#### Task
Copy task for the material below: print the line with "Titties!!! - 18 Pics" and every line after it to the end, exactly as written, without the pictures.

#### Given material
------------------------------------------------------------
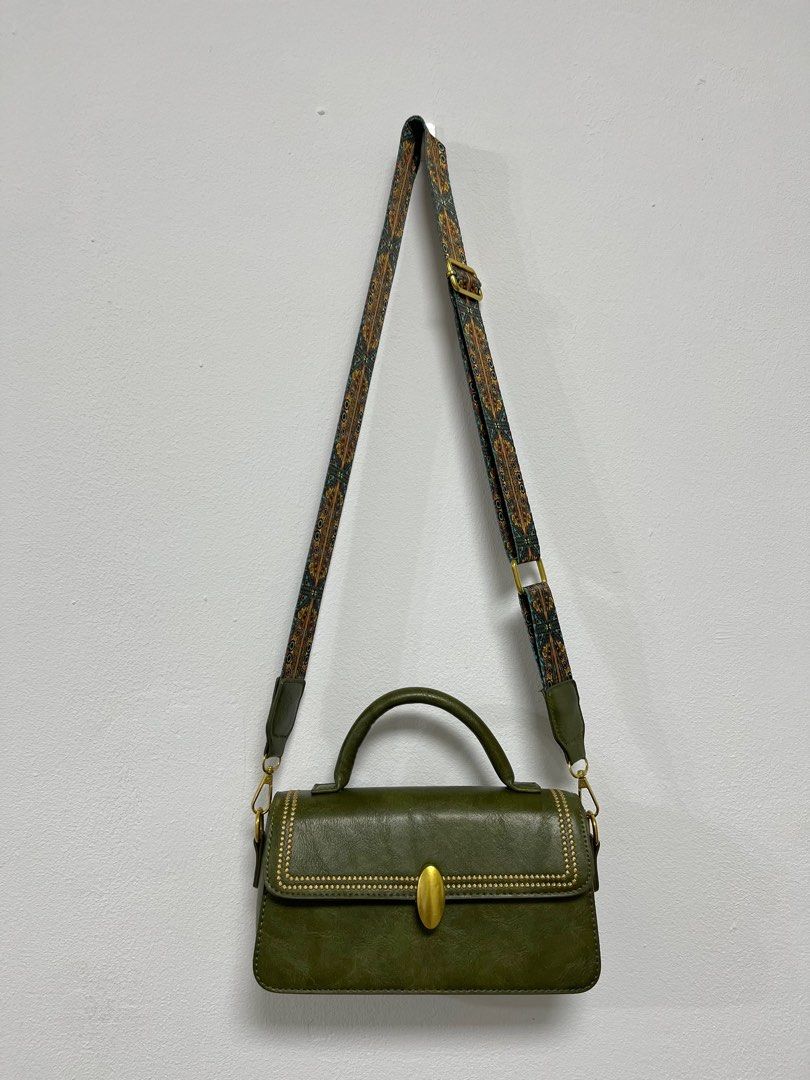 Vintage Army Green Crossbody Bag, Women's Fashion, Bags & Wallets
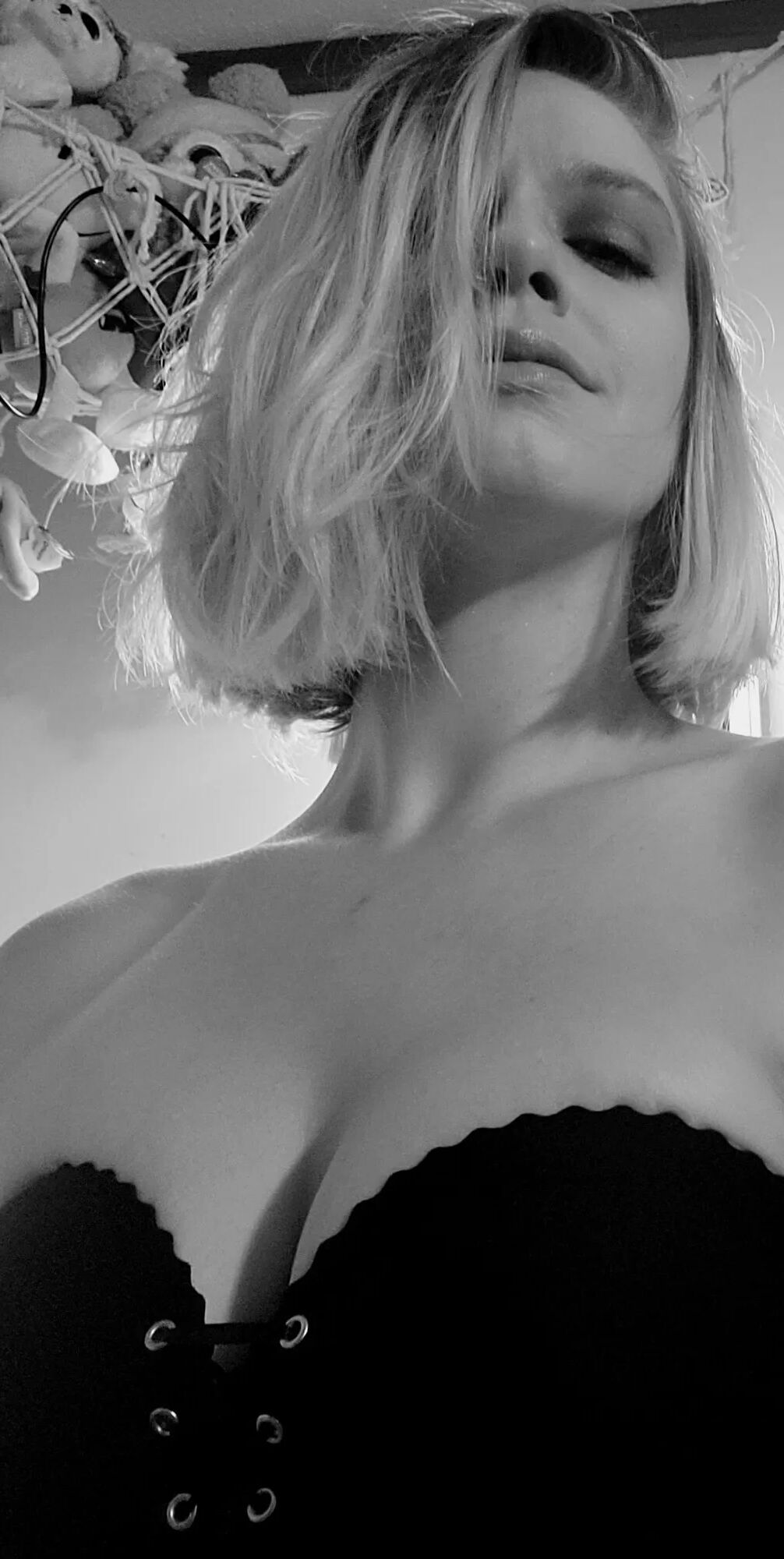 Titties!!! - 18 Pics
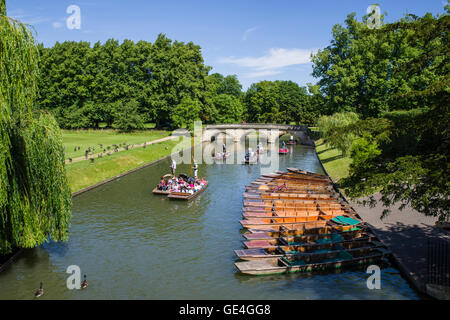 Ein Blick über den Fluss Cam in Cambridge mit Blick auf Trinity Bridge. Stockfoto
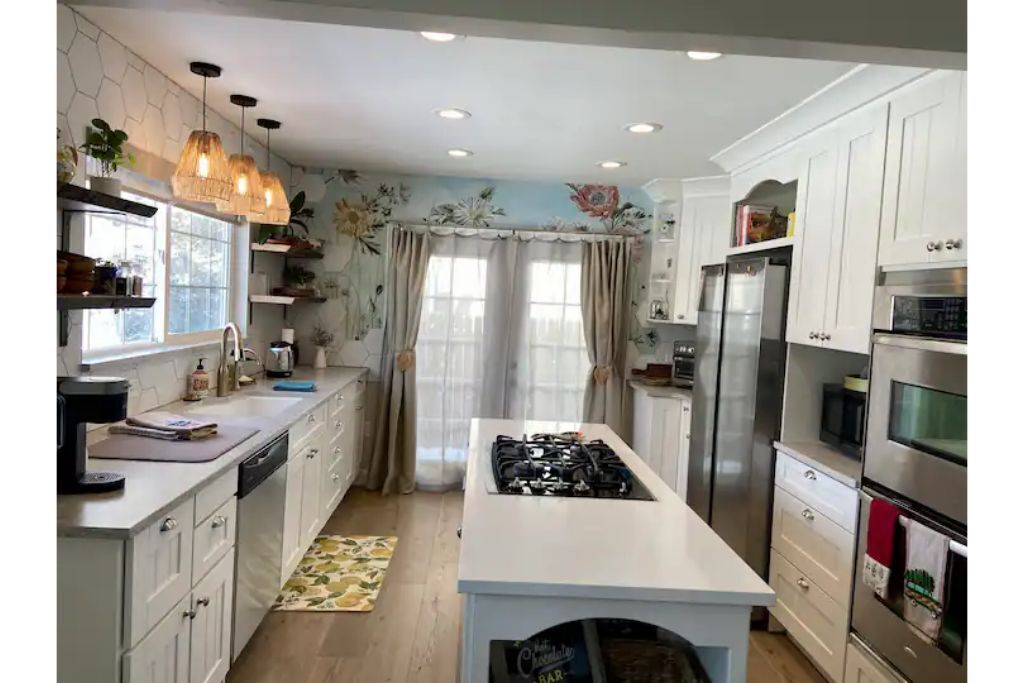 Newly Remodeled Comfy Home Near DU 2 King BD 2 Full BA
------------------------------------------------------------
#### Exercise output
 Titties!!! - 18 Pics
 Ein Blick über den Fluss Cam in Cambridge mit Blick auf Trinity Bridge. Stockfoto
 Newly Remodeled Comfy Home Near DU 2 King BD 2 Full BA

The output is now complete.